Brief descriptive captions
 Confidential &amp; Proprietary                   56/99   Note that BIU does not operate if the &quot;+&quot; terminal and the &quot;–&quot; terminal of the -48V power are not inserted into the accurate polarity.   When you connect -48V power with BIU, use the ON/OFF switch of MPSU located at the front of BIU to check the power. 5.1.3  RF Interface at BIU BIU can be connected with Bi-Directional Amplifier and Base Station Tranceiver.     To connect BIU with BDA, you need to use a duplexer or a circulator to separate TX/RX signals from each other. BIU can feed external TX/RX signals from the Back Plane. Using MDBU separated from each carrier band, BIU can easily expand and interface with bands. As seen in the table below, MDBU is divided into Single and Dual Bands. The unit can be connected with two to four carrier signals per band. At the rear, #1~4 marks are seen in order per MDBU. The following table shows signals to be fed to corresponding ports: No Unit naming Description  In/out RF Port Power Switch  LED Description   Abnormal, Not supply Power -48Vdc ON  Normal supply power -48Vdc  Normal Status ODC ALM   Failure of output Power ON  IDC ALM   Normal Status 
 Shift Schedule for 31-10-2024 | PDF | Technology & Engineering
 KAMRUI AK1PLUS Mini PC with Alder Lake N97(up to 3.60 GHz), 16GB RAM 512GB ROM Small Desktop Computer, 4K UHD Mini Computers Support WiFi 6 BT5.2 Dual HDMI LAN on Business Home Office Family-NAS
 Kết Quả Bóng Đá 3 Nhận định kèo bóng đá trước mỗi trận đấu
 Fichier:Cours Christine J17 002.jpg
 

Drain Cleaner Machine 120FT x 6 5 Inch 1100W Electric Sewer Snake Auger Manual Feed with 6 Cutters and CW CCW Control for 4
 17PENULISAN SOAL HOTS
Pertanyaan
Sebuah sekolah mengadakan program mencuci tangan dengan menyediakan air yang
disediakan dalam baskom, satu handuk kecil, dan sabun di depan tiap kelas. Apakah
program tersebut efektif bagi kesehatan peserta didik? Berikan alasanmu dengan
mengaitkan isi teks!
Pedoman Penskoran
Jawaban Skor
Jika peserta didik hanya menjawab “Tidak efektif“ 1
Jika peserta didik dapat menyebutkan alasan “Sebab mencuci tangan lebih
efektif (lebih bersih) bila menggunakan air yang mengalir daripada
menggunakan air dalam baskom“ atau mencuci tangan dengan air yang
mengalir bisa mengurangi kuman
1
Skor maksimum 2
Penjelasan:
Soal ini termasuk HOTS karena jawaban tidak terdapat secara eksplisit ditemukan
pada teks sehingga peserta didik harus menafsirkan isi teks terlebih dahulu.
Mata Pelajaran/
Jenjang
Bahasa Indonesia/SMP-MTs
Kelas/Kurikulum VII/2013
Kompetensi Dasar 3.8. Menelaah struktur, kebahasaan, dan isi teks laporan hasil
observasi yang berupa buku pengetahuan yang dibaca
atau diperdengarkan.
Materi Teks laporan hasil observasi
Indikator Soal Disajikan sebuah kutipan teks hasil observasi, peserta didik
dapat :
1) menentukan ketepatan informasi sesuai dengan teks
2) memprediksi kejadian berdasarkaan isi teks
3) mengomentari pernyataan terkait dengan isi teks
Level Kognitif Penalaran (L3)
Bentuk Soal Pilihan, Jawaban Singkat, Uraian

## INSTRUCTIONS TO FOLLOW
What are the lines from the one with "observasi yang berupa" through the end of the records above? Set them down exactly, both ends included, and nothing else.

## RESULT OF THIS TASK
observasi yang berupa buku pengetahuan yang dibaca
atau diperdengarkan.
Materi Teks laporan hasil observasi
Indikator Soal Disajikan sebuah kutipan teks hasil observasi, peserta didik
dapat :
1) menentukan ketepatan informasi sesuai dengan teks
2) memprediksi kejadian berdasarkaan isi teks
3) mengomentari pernyataan terkait dengan isi teks
Level Kognitif Penalaran (L3)
Bentuk Soal Pilihan, Jawaban Singkat, Uraian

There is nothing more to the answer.